From Latin extensiōn-em, nominalized from extendĕre "to extend" (Oxford English Dictionary).
In the sense of the totality of things to which a word or concept applies, the earliest attestation in English is in Watts (1725): "The extension of an universal Idea regards all the particular Kinds and single Beings that are contained under it."
In this sense, the word is a borrowing from French, and was introduced in the Port-Royal Logic of Arnauld and Nicole (1662):
Mais il faut pareillement considerer icy ce que nous avons déja dit, qu'il faut distinguer dans les idées la comprehension de l'extension, & que la comprehension marque les attributs contenus dans une idée, & l'extension, les sujets qui contiennent cette idée.

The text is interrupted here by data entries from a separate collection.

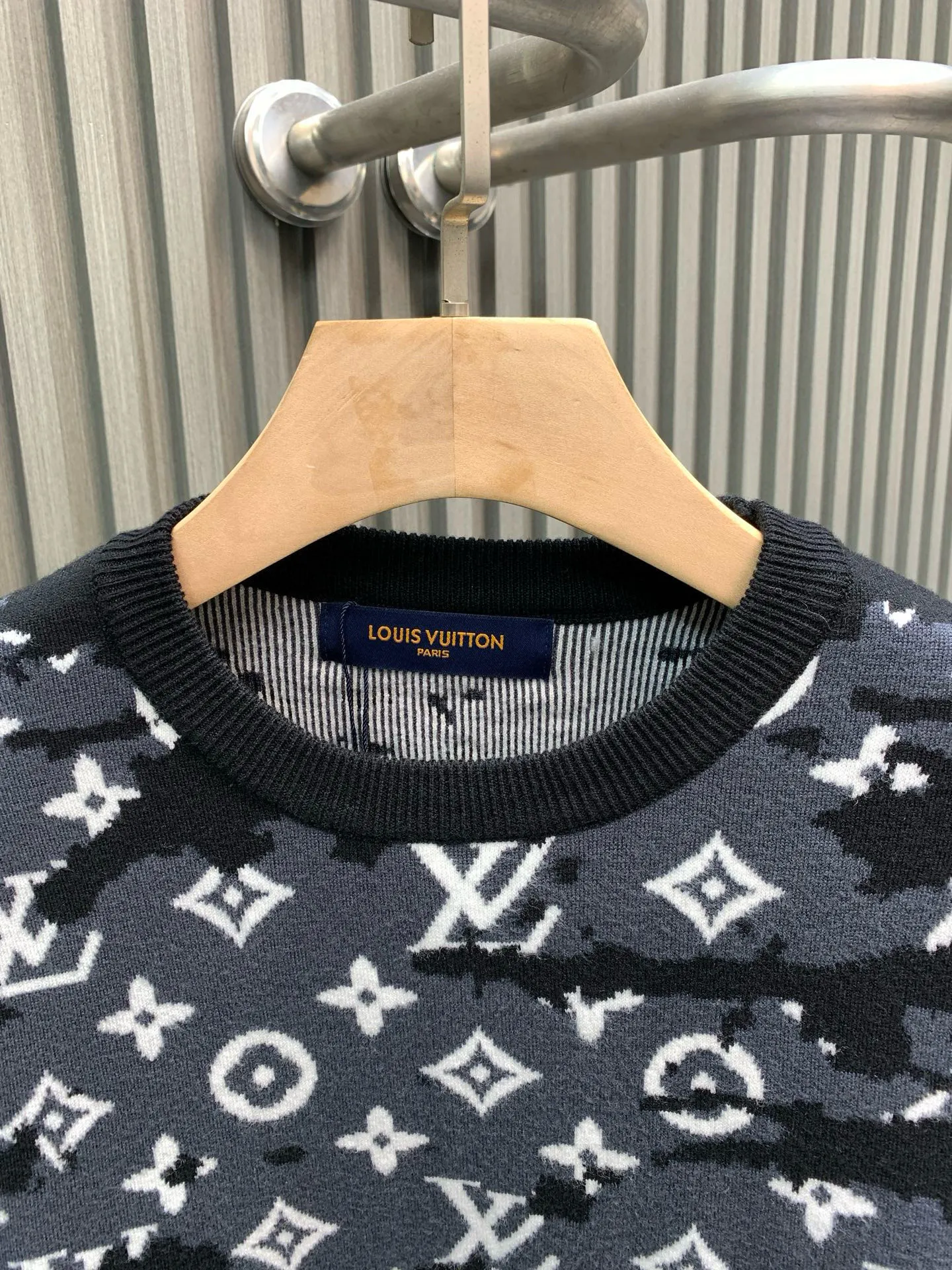 🅿️350 🀄️ Louis Vuitton Louis Vuitton 25*Lv rendering gradient same style distressed antique pullover sweater for men and women. Match-dyed wool blended cotton yarn. High weight and high density. Ultra-high quality. The wool is soft, delicate and skin-friendly. Soft and silky to the touch. Match-dyed high weight cotton yarn. Ensures no color difference. Uses four-hollow knitting method. Tight and textured. Durable, non-deformable and not easy to pilling. It has a soft and warm comfort that doesn’t stick to the body when worn alone. Classic knitted clothing is reinterpreted with exquisite details and iconic brand symbols to reinterpret the charming charm. This cardigan is made of knitted cotton and wool blended fabrics with comprehensive heavy-duty jacquard craftsmanship. All products are produced on imported looms. The details are clearly visible. A full set of customized trademarks, hang tags, and wash marks. The highest version on the market.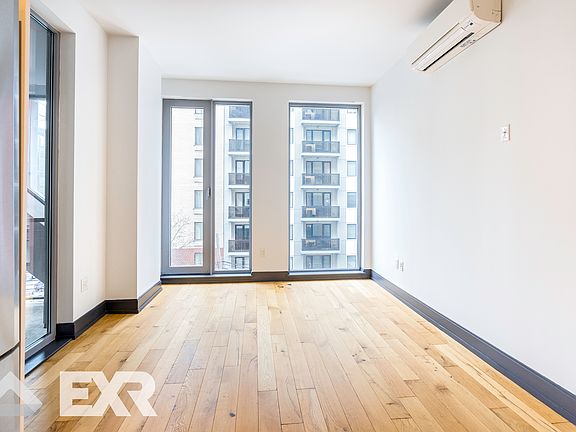 4th image of 42-22 27th St #509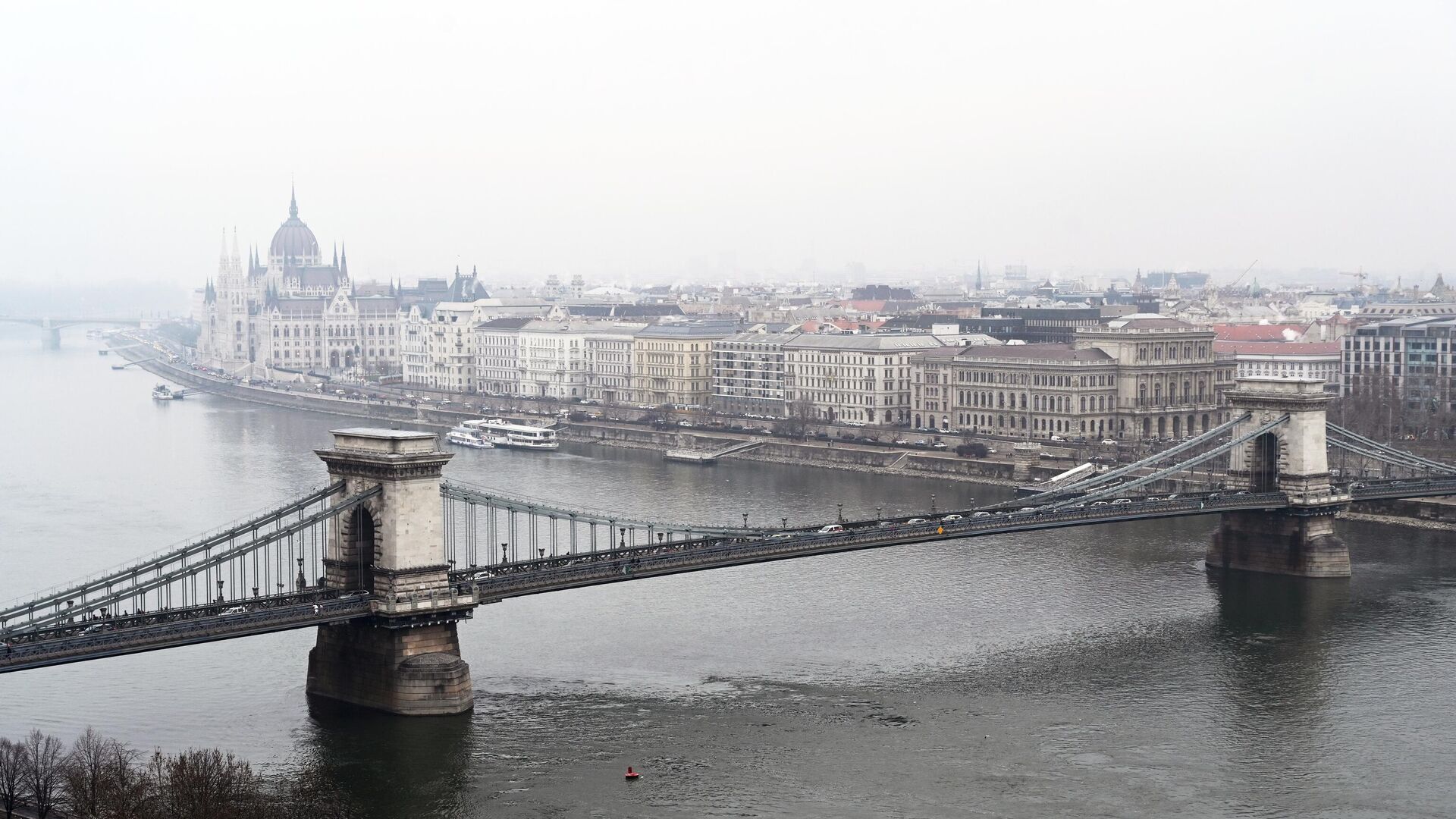 Вид на цепной мост Сечени и восточную часть города Пешт в Будапеште - РИА Новости, 1920, 05.12.2022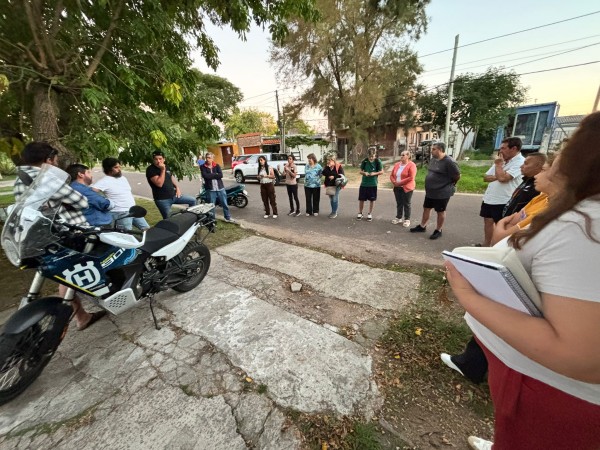 Vecinos de barrio Odizzio se reunieron con autoridades policiales y municipales: exigen soluciones ante grave situación social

(But it is necessary to consider similarly here what we have already said, that it is necessary to distinguish the comprehension from the extension in ideas, and that that the comprehension marks the attributes contained in an idea, and the extension, the subjects which contain that idea.)
Earlier in the book, Arnauld and Nicole had made a similar point, but used the synonymous term étendue rather than extension.
References
- Arnauld, Antoine and Pierre Nicole (1662) La logique, ou L'Art de penser. Jean Guignart, Charles Savreux, & Jean de Lavnay.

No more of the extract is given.